Senior Curriculum Developer
Your identities will need access to Confluent Cloud, whether it is to create applications or send and receive data. Allowing them to access your cluster as easily as possible is important to how well your business runs. At the same time, your access model needs to be structured in a way where you can easily add, remove, change, and verify permissions.
Authorization is where you will make sure that your authenticated users have the access they should have, and no more or no less. It is not unheard of to have to authorize hundreds, thousands, or even tens of thousands of identities. If you’ve ever used the open source implementation of Kafka, you may be familiar with the burdensome process of having to create an LDAP store to configure your group, role, and user hierarchies, then applying ACL based on the group and role hierarchies, and finally implementing a custom authorizer that pairs the groups and users in LDAP with those in Kafka.
None of that extra effort is necessary with Confluent Cloud. Instead, there are two methods for authorizing your identities: access control lists (ACLs), and role-based access control (RBAC).
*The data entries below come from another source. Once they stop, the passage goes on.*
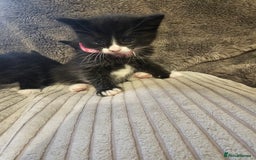 British Shorthair cats for sale: 4 beautiful fluffy kittens 4 weeks old  - Image 3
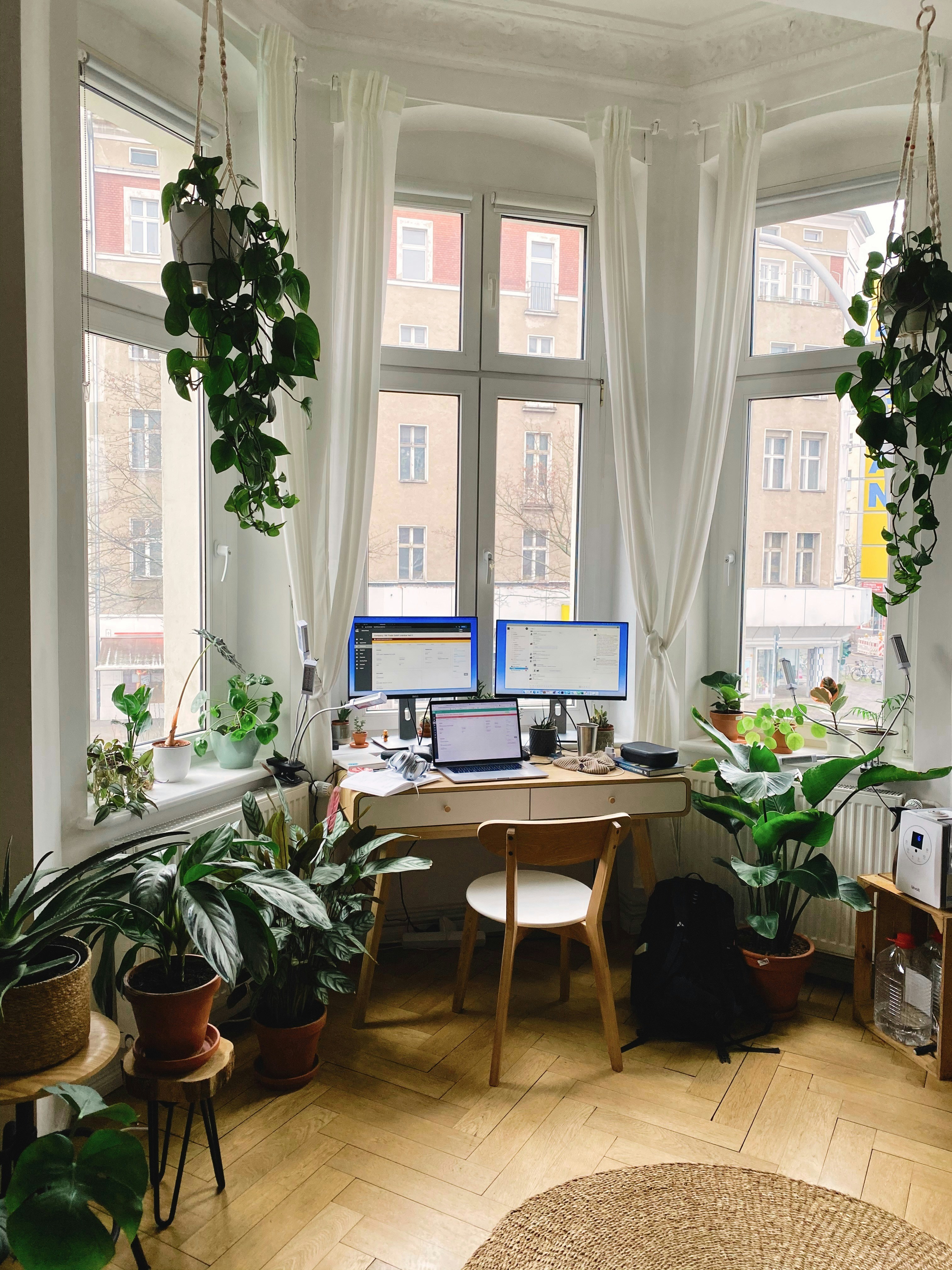 Online business owner working on laptop with multiple screens in bright home office
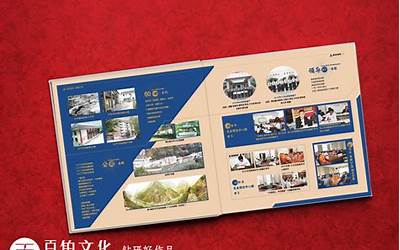 尼日尔要求美国驻尼大使在48小时内离境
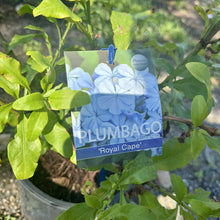 Load image into Gallery viewer, Plumbago auriculata Royal Cape
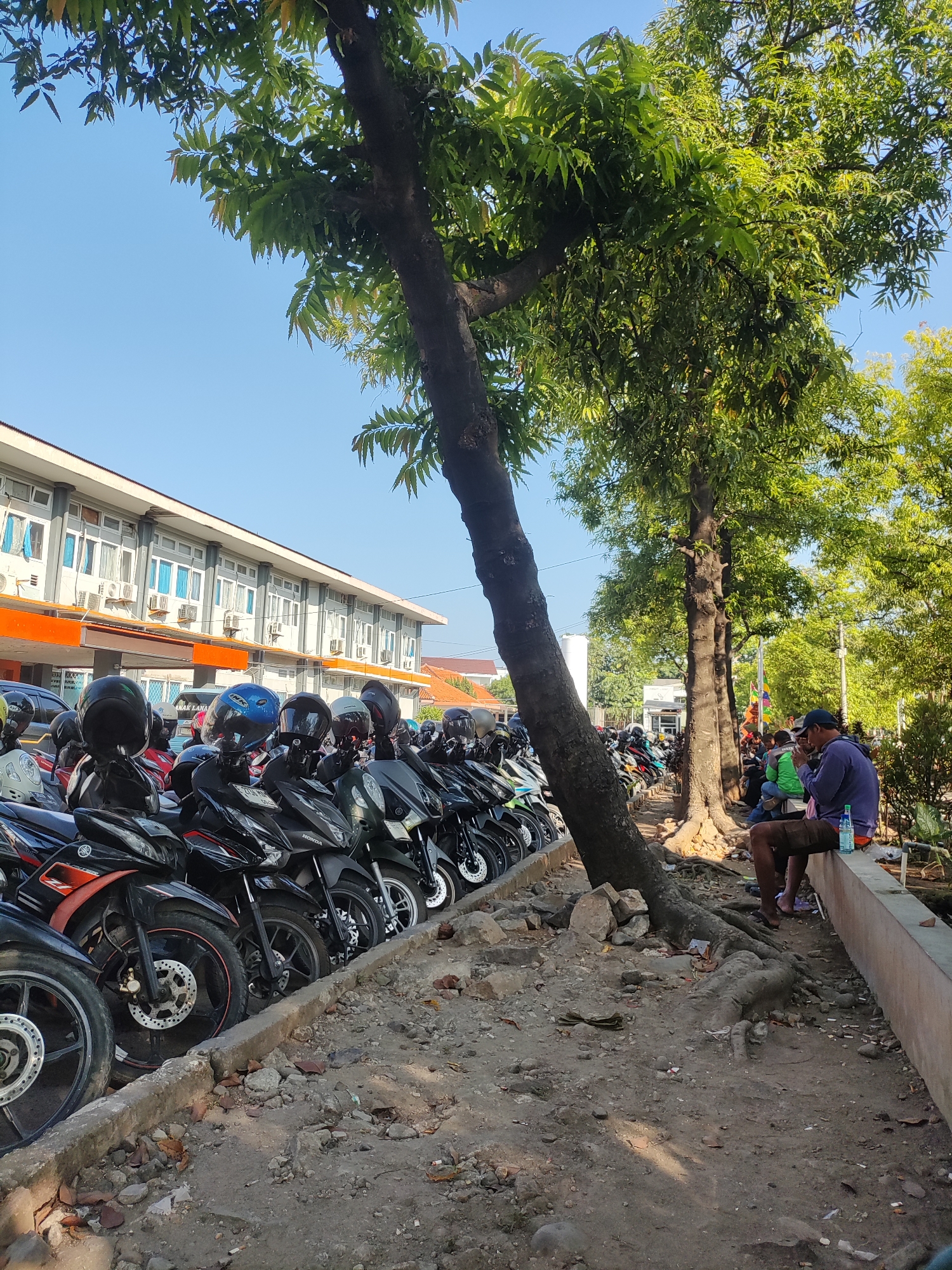 A parking lot in Cirebon, Indonesia, is seen with many motorcycles parked in rows. A large tree with exposed roots stands prominently in the foreground, casting shadows on the dusty ground. In the background, a modern building with numerous windows and air conditioning units is visible. A few individuals are seated on a low wall, with one person appearing to be smoking and another holding a water bottle. The scene depicts a typical urban environment with a mix of buildings, vehicles, and natural elements.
ACLs are tables that store identities and what they can do or see (the resources they can access and permissions they have) within Confluent Cloud. The important thing to remember is that permissions are tied to each identity and linked to the access they have been given for each resource. If an identity changes teams or scope, you will have to make sure to address things at an individual level. If at any point even one of these changes is missed, or configured incorrectly, you now have identities that have access to more than what they should.
This problem is only made worse as the number of identities in your organization increases. Verifying permissions for compliance with laws and regulations can become quite a labor-intensive and time-consuming process, not to mention a potential security risk.
ACLs are specific to Kafka resources and don’t extend to other Confluent Cloud concepts, such as environments and organizations. Managing ACLs for a small number of identities likely isn’t a big deal. However, if you are working with a large organization with hundreds or thousands of identities, using ACLs doesn’t scale. You’re left with the second option for organizing identities, role-based access control.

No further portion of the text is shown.